BEGIN

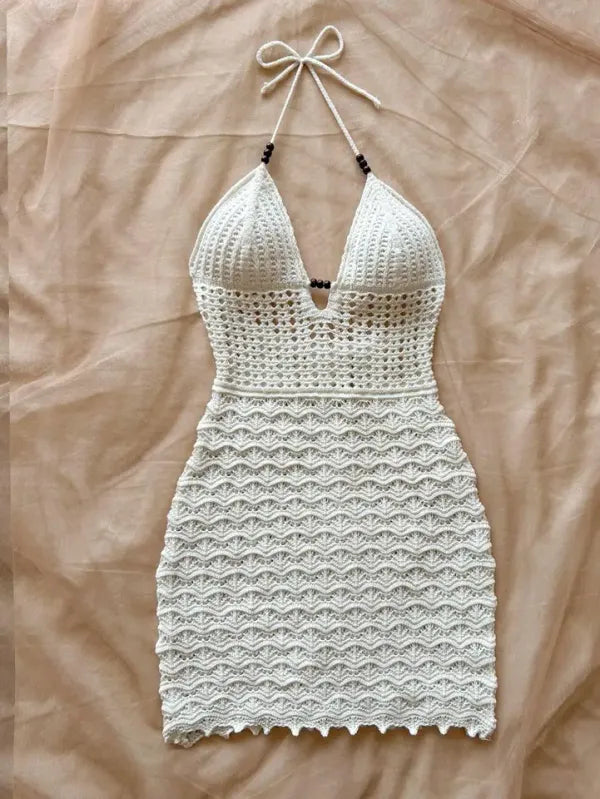 Vestido Crochê Halter Branco Fluido | Resort Chic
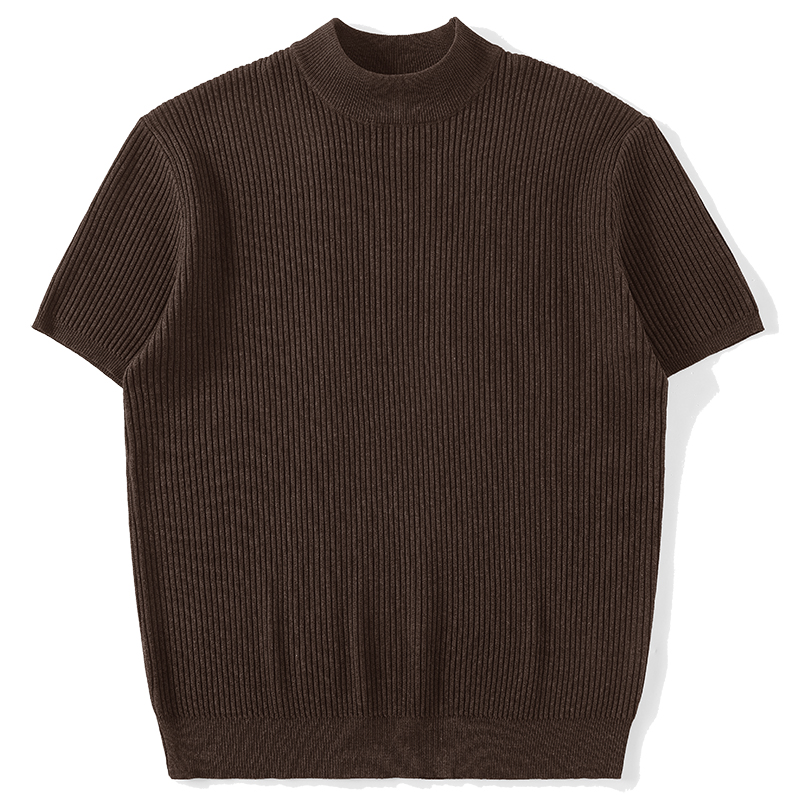 Camiseta de punto de manga corta camiseta hombre Henry delgado y delgado color sólido viejo viento de hielo seda fábrica transfronteriza al por mayor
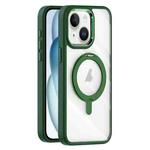 For iPhone 15 Transparent MagSafe Magnetic Rotating Holder Phone Case(Dark Green)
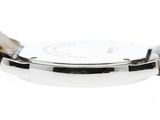 a close up of a watch on a white surface with a white background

END

→ WHAT IS REQUIRED
Copy out every line of the data exactly, leaving the images behind.

→ RESPONSE TO THE TASK
 Vestido Crochê Halter Branco Fluido | Resort Chic
 Camiseta de punto de manga corta camiseta hombre Henry delgado y delgado color sólido viejo viento de hielo seda fábrica transfronteriza al por mayor
 For iPhone 15 Transparent MagSafe Magnetic Rotating Holder Phone Case(Dark Green)
 a close up of a watch on a white surface with a white background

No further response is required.